As he nitpicked at little messes around the house, he thought of the young Bekkr twins when they were small enough to sit in his lap. He remembered Ash pulling the camouflage fabric from his head and calling it a fisherman's hat. He remembered the little girl seeming mesmerized, if a little fearful, to see that he still had hair and an entire head beneath it, but quickly replaced the hat where it belonged because "it looks wrong." He remembered Mikey having the same reaction when he had taken them out fishing on Jolene Bend. The boy had caught a 13-pound rainbow trout and was eager to get the fish back into the water so that it could swim home. The man had taken his cap from his own head this time and covering Mikey's black mop. The boy had stared at him from beneath the lip of the lid for a long time and kept the hat until they got home. Ash had badgered him the entire drive, demanding the hat been returned to Nick or given to her as the favorite. Nick was disappointed to find his hat on the master bedroom dresser that night and the boy had been aloof ever since. 

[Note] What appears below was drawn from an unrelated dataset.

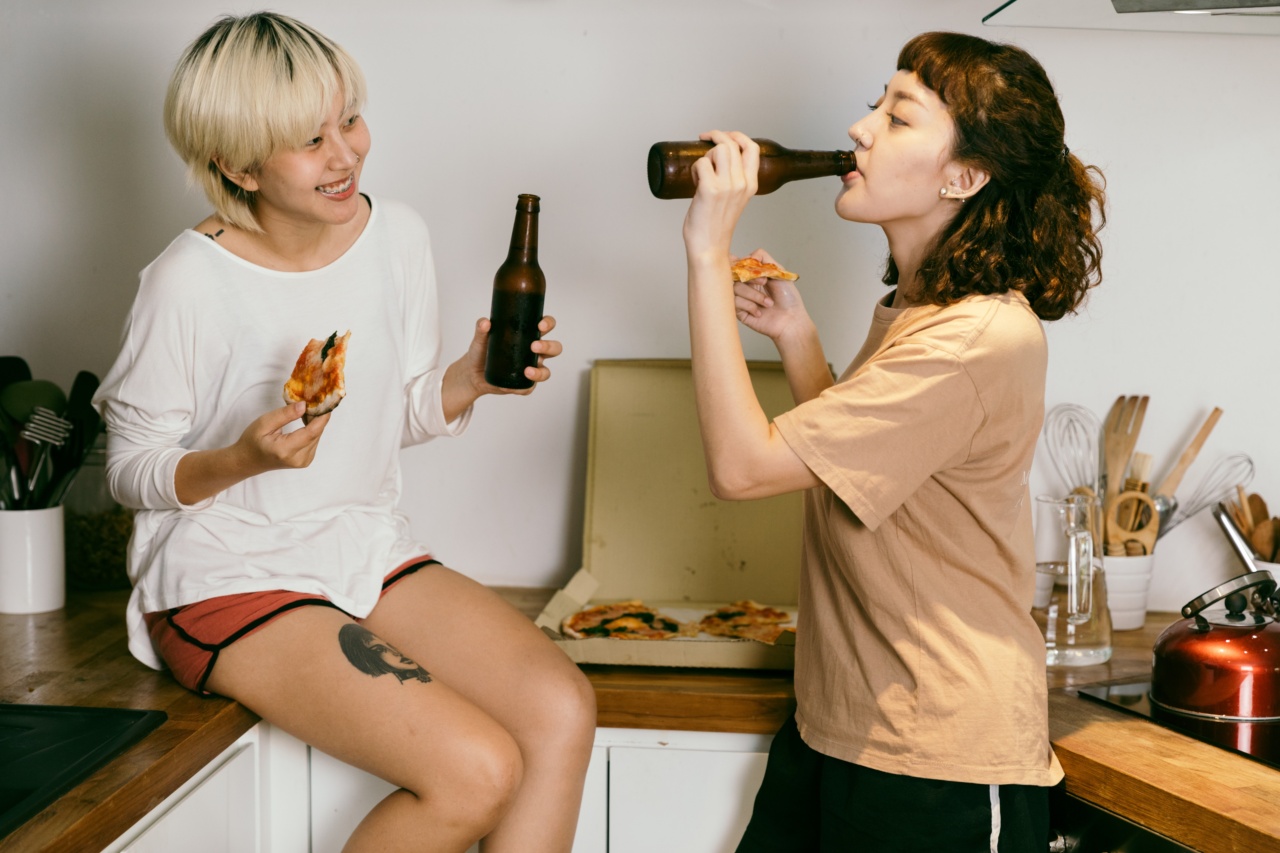 Beer is the Answer: 7 Reasons to Love it More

His fists clenched, and his eyes were too full to prevent the tears from slipping down his cheeks and dotting his clean shirt. He walked like he was wading through thick mud and his senses narrowed on the images of the kids and the rocking chair. He collapsed hard and the cherrywood groaned painfully as his chest was rife with contractions and his lips disappeared in an effort to keep the sounds of grief inside of his throat. It was sometime before he could even attempt more breathing exercises. When the tears had stopped flowing and the iron fist around his heart had grown numb, he closed his eyes and reached out to the house. He reached out with his ears: water pipes rattled together and a light breeze brushed the curtains and birds and frogs sang. He reached out with his nose: 200-year-old wood, leather couches, apple spray, and the lingering scent of a lone man's breakfast. 

Nick wiped the drying tracts onto his cuff and stood up to blow his nose. He climbed the stairs, grabbed his dirt covered vest and truck keys, then drove to Home Depot for the second time. He would be there when Ash arrived, but he would be there with new plants for the Manor's garden.